Palmer died peacefully Thursday at his home in England. He was 93. He’s survived by his wife of 57 years, Sally Green, and two children.
Palmer also leaves behind a large body of stage, television, and movie work. A selected list of his six decades of credits include such as The Madness of King George, Butterflies, The Fall and Rise of Reginald Perrin, The Army Game, Mrs. Brown, A Fish Called Wanda, The Avengers, and Dr. Who. Never one to turn down work, he did guest shots on popular British TV series, including Inspector Morse, Fawlty Towers, Midsomer Murders, and Agatha Christie’s Poirot.
With less than leading man looks — his face was long and favored a bloodhound’s — and usually projecting a stuffy and/or grumpy persona, Palmer rarely got the girl. But he did in As Time Goes By, though both he and his love interest in this one, Jean Pargetter, played by Judi Dench, were well past the age of consent when this one picks up. It was in this series that my wife and I first became familiar with and fans of Palmer’s work. The setup of this one is that Jean and Lionel had a brief romance in the early ’50s when she was a nurse and Lionel a second lieutenant in the British Army, soon to be shipped to Korea. When he goes, she writes him. He writes back, but the letter gets lost in the mail. Thinking he has lost interest, she stops writing. Thinking she has lost interest, he stops writing. Neither had in fact lost interest. And 30-plus years later, both divorced, they meet by accident, and things are rekindled. Slowly, and in the most amusing way.
Dench, of course, is a consummate actress, who can play serious but has great comic timing and delivery, which is very much on display in this series.

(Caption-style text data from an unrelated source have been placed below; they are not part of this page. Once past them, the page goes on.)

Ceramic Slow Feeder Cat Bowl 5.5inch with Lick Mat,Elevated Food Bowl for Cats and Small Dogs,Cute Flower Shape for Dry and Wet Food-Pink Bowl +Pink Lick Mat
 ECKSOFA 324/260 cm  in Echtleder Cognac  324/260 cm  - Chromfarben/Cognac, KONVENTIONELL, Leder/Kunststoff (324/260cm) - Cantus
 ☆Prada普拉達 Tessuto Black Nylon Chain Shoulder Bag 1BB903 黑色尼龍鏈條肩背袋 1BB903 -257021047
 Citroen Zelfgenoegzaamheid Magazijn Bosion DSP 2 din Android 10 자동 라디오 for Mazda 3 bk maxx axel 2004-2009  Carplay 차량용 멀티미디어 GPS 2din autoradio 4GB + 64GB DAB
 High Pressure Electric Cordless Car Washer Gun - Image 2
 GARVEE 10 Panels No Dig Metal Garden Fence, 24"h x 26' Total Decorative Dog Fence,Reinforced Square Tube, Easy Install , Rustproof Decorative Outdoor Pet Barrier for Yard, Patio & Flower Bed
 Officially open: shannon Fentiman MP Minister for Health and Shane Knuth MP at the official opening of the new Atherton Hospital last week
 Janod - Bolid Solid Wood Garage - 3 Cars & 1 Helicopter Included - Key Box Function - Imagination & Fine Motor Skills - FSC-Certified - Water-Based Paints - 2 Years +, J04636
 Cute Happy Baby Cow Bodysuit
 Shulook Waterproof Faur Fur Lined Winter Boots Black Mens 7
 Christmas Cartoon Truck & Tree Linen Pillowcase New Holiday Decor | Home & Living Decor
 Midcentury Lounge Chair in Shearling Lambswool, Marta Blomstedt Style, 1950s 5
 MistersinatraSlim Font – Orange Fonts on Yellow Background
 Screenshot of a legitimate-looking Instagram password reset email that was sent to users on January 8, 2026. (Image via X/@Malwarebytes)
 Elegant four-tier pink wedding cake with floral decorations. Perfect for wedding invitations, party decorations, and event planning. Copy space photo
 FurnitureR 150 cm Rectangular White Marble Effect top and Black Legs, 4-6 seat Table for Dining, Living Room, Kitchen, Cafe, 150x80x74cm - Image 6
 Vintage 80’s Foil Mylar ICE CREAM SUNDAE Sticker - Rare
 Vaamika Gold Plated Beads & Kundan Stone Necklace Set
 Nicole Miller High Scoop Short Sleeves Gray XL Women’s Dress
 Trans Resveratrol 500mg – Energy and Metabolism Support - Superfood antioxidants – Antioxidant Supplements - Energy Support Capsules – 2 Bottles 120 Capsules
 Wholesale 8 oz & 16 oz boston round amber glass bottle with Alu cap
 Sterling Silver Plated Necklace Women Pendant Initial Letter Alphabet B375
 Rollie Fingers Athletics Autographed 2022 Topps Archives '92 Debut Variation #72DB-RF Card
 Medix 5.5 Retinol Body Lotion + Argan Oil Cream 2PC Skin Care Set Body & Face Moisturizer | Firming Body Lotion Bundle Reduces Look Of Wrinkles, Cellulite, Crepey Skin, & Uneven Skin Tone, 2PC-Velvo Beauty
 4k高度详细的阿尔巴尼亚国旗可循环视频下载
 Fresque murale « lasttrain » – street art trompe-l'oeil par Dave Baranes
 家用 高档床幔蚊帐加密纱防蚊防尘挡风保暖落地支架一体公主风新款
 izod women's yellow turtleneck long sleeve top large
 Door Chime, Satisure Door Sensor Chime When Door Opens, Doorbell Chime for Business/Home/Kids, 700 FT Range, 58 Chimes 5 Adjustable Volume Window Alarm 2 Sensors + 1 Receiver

And despite the long face and dour expressions, Palmer can be surprisingly funny, with a bone-dry wit. As one obit writer put it, he excels in the slow burn and in comic bafflement. The bafflement mostly comes from the fact that in As Time Goes By Lionel is obliged to share a household with three attractive, intelligent, and energetic women: Jean, her daughter Judith, played by Moira Brooker, and Sandy, an employee at Jean’s secretarial agency, played by Jenny Funnell. And women make up a gender Lionel will never come within miles of understanding.
The humor in this one is gentle, based on the domestic clamors and crises familiar to us all, and on Lionel’s losing battle in his attempts to understand his housemates. The romance between Lionel and Jean is real and convincing. But this doesn’t mean Lionel will ever have an easy time of it.
The show is aided by a host of very fine recurring secondary characters. The writing and acting are consistently first-rate. The series is available on various streaming services and on DVDs. It’s well worth the viewing time, as is much else of Palmer’s work.
Those familiar with Palmer’s screen persona will not be surprised to learn that his father was a chartered accountant. After school and National Service in the Royal Marines, Palmer began what he thought would be a career as an accountant. A girlfriend at the time got him interested in community theater. And out of this came a really fine acting career. This girlfriend is mentioned in several of the obits I’ve read Friday, but never named. Too bad. She should be given credit, for she did a favor, not just to Palmer but to decades of viewers who have taken pleasure in Palmer’s work.
RIP Geoffrey Palmer. Long live Lionel and Jean Hardcastle. Their love and humor will stand up, as time goes by.